Note that for perfect substitutes, the solution will be to produce using only one input unless $ \frac{w}{r}=\frac{MP_{L}}{MP_{K}} $. We know that we will produce using only labor if: $$\begin{align} \frac{MP_{L}}{w} & > \frac{MP_{K}}{r}\\ \frac{2}{w} & > \frac{1}{r}. \end{align}$$ We also know that this would entail a production function of: $$Q=2L$$ Similarly, we will produce using only capital if: $$\begin{align} \frac{MP_{L}}{w} & < \frac{MP_{K}}{r}\\ \frac{2}{w} & < \frac{1}{r}\end{align}$$ Which would entail a production function of: $$Q=K$$ Therefore: $$ L^{*}(w,r,Q)=\begin{cases} \frac{Q}{2} & if\ \frac{w}{r}<2\\ \in\left[0,\frac{Q}{2}\right] & if\ \frac{w}{r}=2\\ 0 & if\ \frac{w}{r}>2 \end{cases}$$ $$K^{*}(w,r,Q)=\begin{cases} 0 & if\ \frac{w}{r}<2\\ Q-2L & if\ \frac{w}{r}=2\\ Q & if\ \frac{w}{r}>2 \end{cases} $$
We can substitute these numbers into our formulas from the question above. Note that $\frac{w}{r}=6>2$ $$\begin{align} L^{*}\left(6,1,20\right) & = 0\\ K^{*}\left(6,1,20\right) & = Q=20\end{align}$$

Question 4:

A firm uses two inputs, capital and labor, to produce output. Its production function exhibits a diminishing technical rate of substitution $($e.g. Cobb-Douglas production function$)$.

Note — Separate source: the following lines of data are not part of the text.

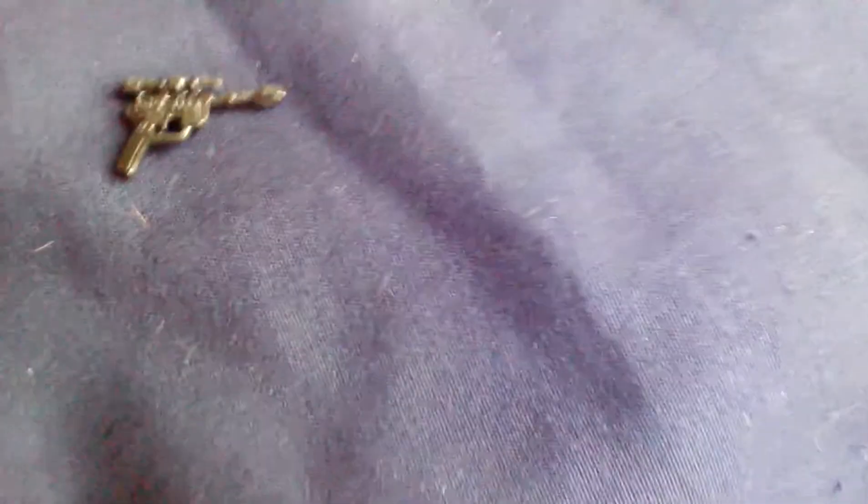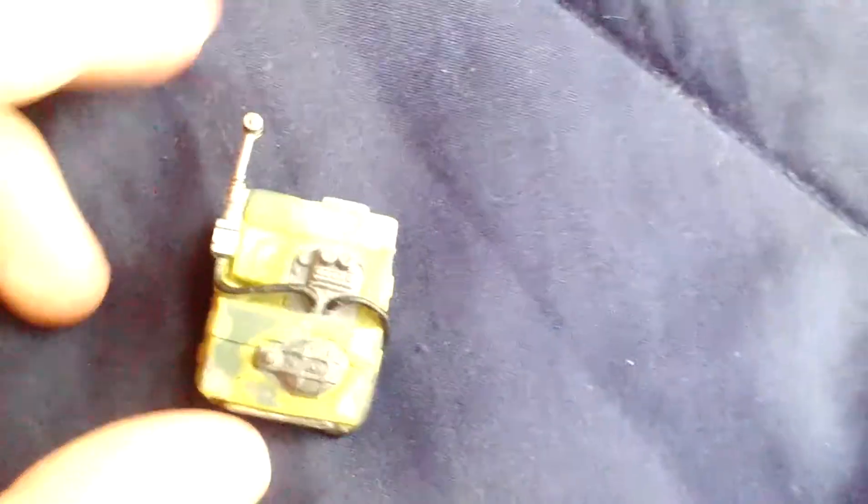It comes with a blaster pistol, intelligence backpack, and a blaster rifle.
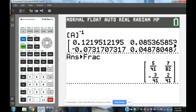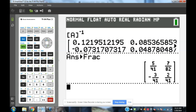We've hit inverse and got the result. If it's in decimal form, we want to convert that to fractions, so we hit math, enter, enter — and that converts it to fraction form: 5 over 41, 7 over 82, negative 3 over 41, and 2 over 41. That's the inverse.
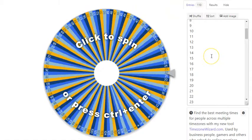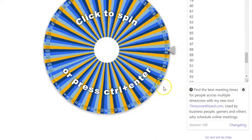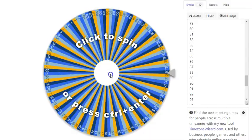So what we've done is we've coded all students with a number between 1 and 110, and we are just going to spin the wheel to see who is our big winner.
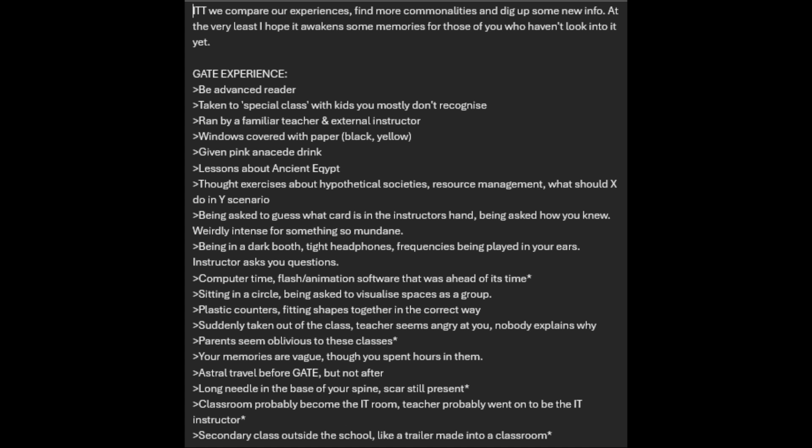In this thread, we compare our experiences, find more commonalities, and dig up some new info. At the very least, I hope it awakens some memories for those of you who haven't looked into it yet. GATE experience: be advanced reader, taken to special class with kids you mostly don't recognize, ran by a familiar teacher or external instructor, windows covered with paper.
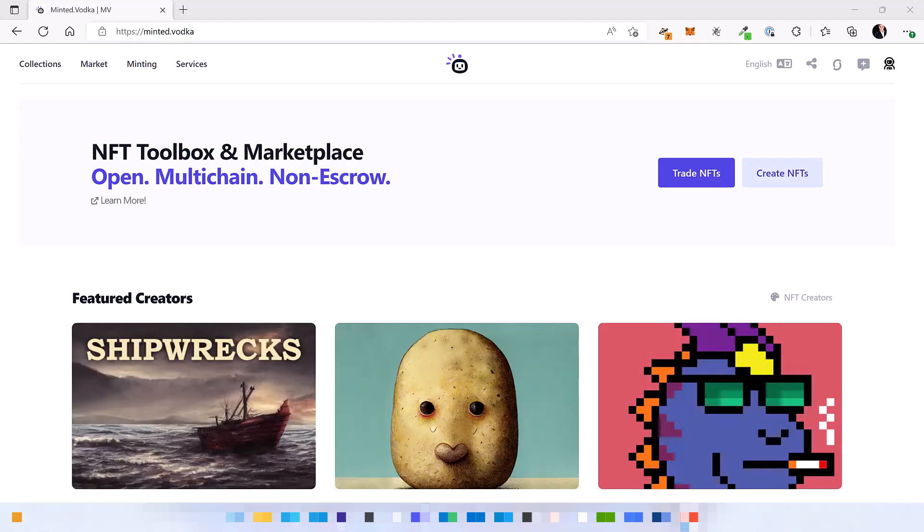Hello IOTA community and Shimmer fans. Welcome back to Minted Vodka. Today's topic is how to mint NFTs on the Shimmer testnet.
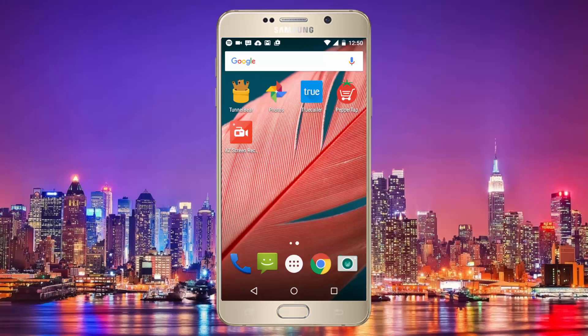Yo, what is going on guys, my name is Techastron and today I am going to be teaching you how to get apps or websites that are unavailable in your country for free. Before we get started, feel free to leave a like and a comment, and with that being said, let's get started.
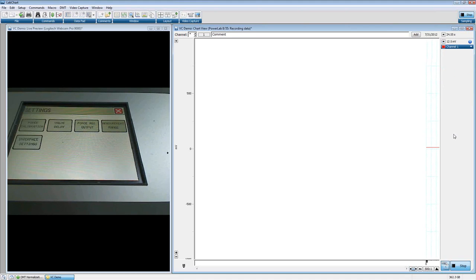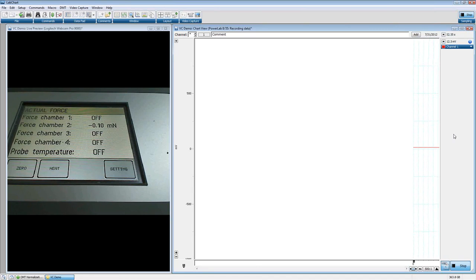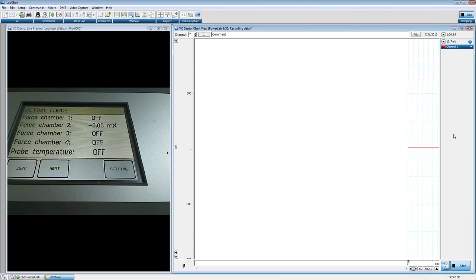I'm going to reach over to the DMT system and show you a few things about it. I only have one chamber connected, so you're going to see Chamber 2. There are a couple of things we need to set up before we even think about calibrating. Some people miss these, and if they aren't set correctly, your data ends up looking digitized — it comes out with larger steps in resolution than you'd really like. That's simply because we haven't set these things properly.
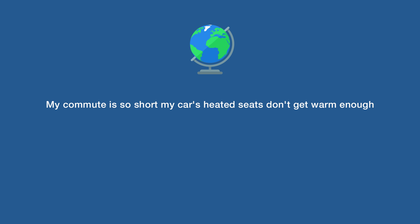My commute is so short my car's heated seats don't get warm enough until I get to work.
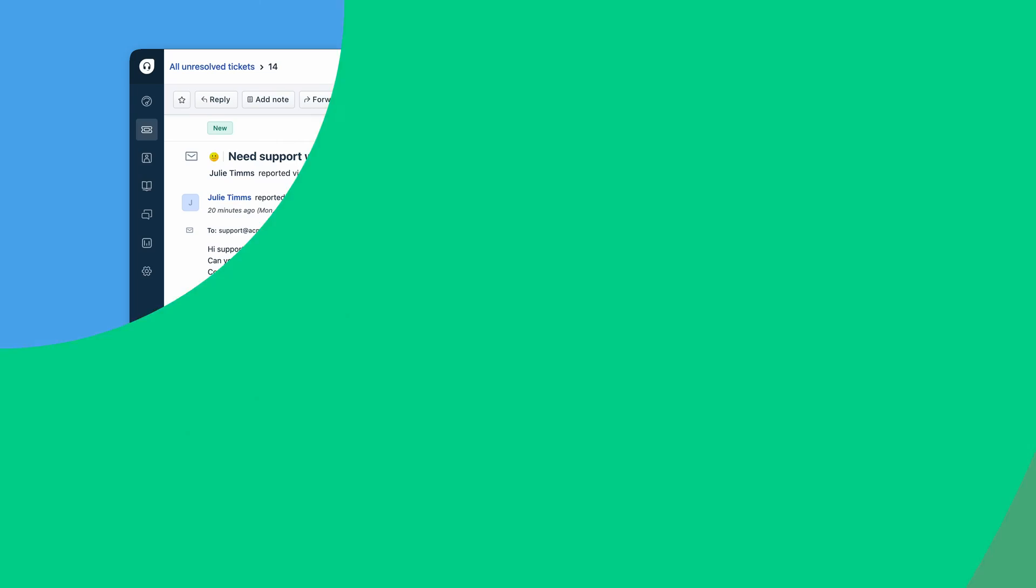With Freshdesk, you can create threads within tickets and conversations, allowing you to organize discussions around specific topics effectively. This means that when an issue arises that requires inputs from internal teams, team members can weigh in without cluttering the main ticket or conversation.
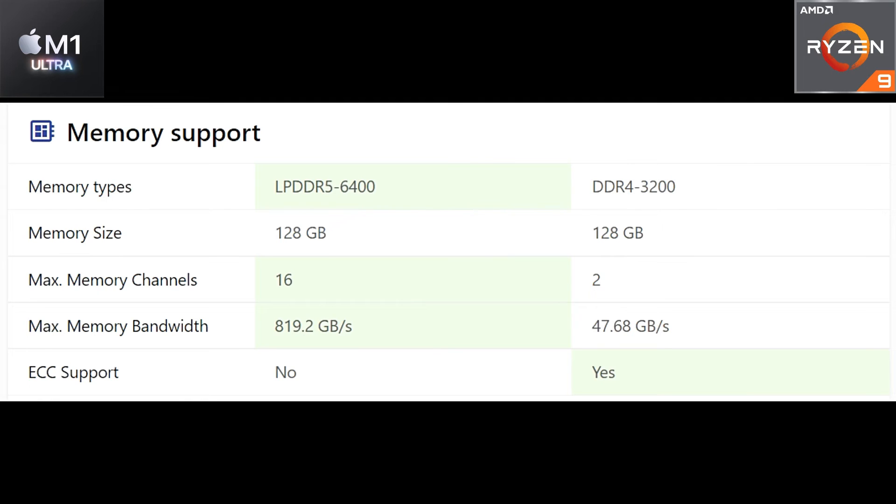Talking about the memory channels, it's 16 channels on the Apple M1 Ultra whereas there is only two on the AMD Ryzen 9. Talking about the bandwidth, even the bandwidth is much higher on the Apple M1 Ultra. Also the ECC support is present on AMD but we don't have that on the Apple M1 Ultra chip.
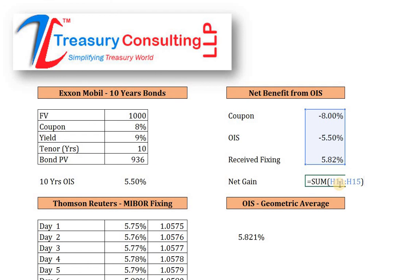Believe me, overnight index swap seems very fancy in India, and many treasurers do not know how to value it — what rate to take, what Bloomberg is saying, and so on. As a result, in the majority of cases in India, hedging is not widely applied. But if you go outside India — especially in Singapore and New York — you will find that overnight index swap is itself one of the biggest markets across the globe. You name the currency and you will find an overnight index swap.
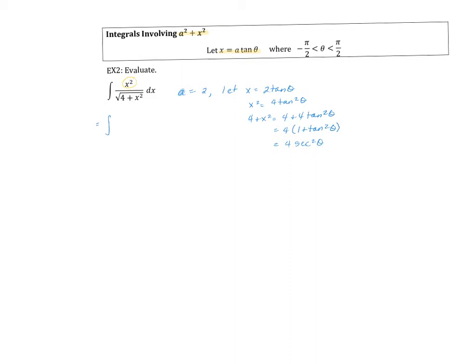Also notice here in my numerator, x squared is four tangent squared. So the numerator becomes four times tangent squared theta over the square root of four secant squared theta. Now I need my d theta, so going back to my original expression and taking the derivative on both sides, the derivative of tangent is secant squared, giving dx equal to two secant squared d theta. That's what I substitute my dx with: two secant squared theta d theta.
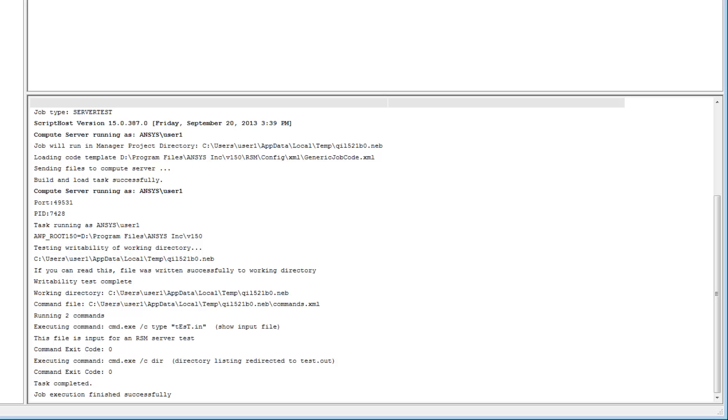When a job is started on the Compute Server, RSM may create a unique temporary folder as necessary under a specified working directory to house all job-related input and output files. The location of the working directory is defined in the Compute Server Properties dialog box when the Compute Server is configured in RSM, and can also be found in the RSM job log.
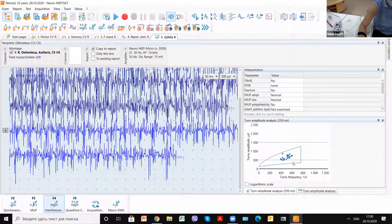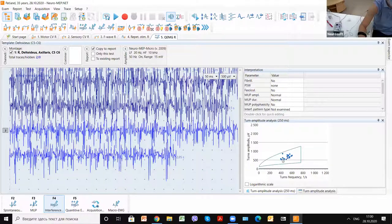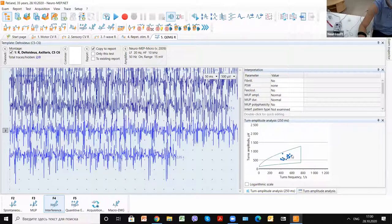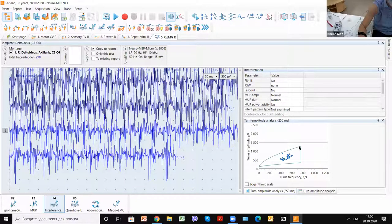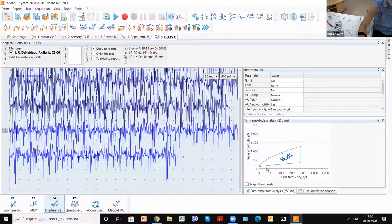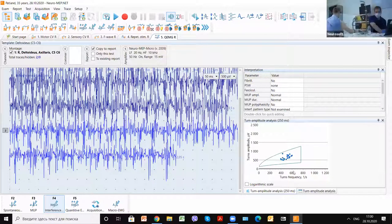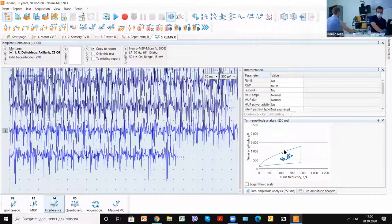And we estimate turn frequency. Usually it must be in the special frame. It's connected with normal values. We can see it's absolutely normal.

If the price of capital and the price of labor increase by the same percentage $($e.g., 40 percent$)$, what will happen to the cost-minimizing input quantities for a given output level?
If the price of capital increases by 20 percent while the price of labor increases by 40 percent, what will happen to the cost-minimizing input quantities for a given output level?

Solutions 4:

The cost-minimizing input quantities for a given output level will not change, as they depend only on the ratio of input prices $\frac{w}{r}$.
Since $\frac{w}{r}$ is now higher than before the price change, the new choice of $L$ and $K$ would also have to satisfy a higher technical rate of substitution to ensure that $$\frac{MP_{L}}{MP_{K}}=\frac{w}{r}.$$ This implies that, for a production function with a diminishing technical rate of substitution, the firm would be using less labor $($ graphically the slope of isoquant is steeper $)$.

Question 5:

Suppose a brewery uses a Cobb-Douglas production function for his production. He studies the production process and finds the following. An additional machine-hour of fermentation capacity would increase output by 600 bottles per day $(i.e. MP_K = 600)$. An additional man-hour of labor would increase output by 1200 bottles per day $(i.e. MP_L = 1200)$. The price of a man-hour of labor is ${$}$40 per hour. The price of a machine-hour of fermentation capacity is ${$}$8 per hour.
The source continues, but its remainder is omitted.